Take the data below and copy exactly the lines starting at the one with "Двухместные апартаменты с" and finishing at the one with "чайный набор для", both included.

--- Dataset records Enclosed Below ---

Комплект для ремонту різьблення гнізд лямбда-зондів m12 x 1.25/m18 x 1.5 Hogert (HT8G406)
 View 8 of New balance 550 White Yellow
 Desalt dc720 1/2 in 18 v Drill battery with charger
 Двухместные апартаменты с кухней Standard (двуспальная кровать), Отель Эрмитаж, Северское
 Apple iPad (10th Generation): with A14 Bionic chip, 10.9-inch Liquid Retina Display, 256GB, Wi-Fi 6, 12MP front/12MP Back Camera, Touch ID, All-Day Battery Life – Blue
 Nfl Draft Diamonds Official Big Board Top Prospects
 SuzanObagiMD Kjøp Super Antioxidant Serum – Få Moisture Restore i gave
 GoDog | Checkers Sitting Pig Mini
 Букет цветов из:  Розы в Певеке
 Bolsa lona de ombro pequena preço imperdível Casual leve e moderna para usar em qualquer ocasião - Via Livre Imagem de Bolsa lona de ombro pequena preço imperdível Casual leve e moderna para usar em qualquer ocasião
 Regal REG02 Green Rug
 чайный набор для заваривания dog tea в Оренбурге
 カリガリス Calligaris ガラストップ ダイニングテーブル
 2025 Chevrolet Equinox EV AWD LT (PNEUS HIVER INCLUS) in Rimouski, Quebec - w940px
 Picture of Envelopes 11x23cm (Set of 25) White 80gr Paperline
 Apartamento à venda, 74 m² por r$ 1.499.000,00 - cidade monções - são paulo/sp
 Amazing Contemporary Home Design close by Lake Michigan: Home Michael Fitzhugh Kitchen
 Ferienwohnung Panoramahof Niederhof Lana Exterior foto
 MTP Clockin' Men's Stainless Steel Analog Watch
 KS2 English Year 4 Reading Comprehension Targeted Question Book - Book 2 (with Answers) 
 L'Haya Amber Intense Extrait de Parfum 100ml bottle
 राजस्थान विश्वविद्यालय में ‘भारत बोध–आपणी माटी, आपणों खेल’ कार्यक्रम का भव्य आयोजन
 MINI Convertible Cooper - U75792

--- End of Enclosed Dataset records ---

▶ _Solution_
 Двухместные апартаменты с кухней Standard (двуспальная кровать), Отель Эрмитаж, Северское
 Apple iPad (10th Generation): with A14 Bionic chip, 10.9-inch Liquid Retina Display, 256GB, Wi-Fi 6, 12MP front/12MP Back Camera, Touch ID, All-Day Battery Life – Blue
 Nfl Draft Diamonds Official Big Board Top Prospects
 SuzanObagiMD Kjøp Super Antioxidant Serum – Få Moisture Restore i gave
 GoDog | Checkers Sitting Pig Mini
 Букет цветов из:  Розы в Певеке
 Bolsa lona de ombro pequena preço imperdível Casual leve e moderna para usar em qualquer ocasião - Via Livre Imagem de Bolsa lona de ombro pequena preço imperdível Casual leve e moderna para usar em qualquer ocasião
 Regal REG02 Green Rug
 чайный набор для заваривания dog tea в Оренбурге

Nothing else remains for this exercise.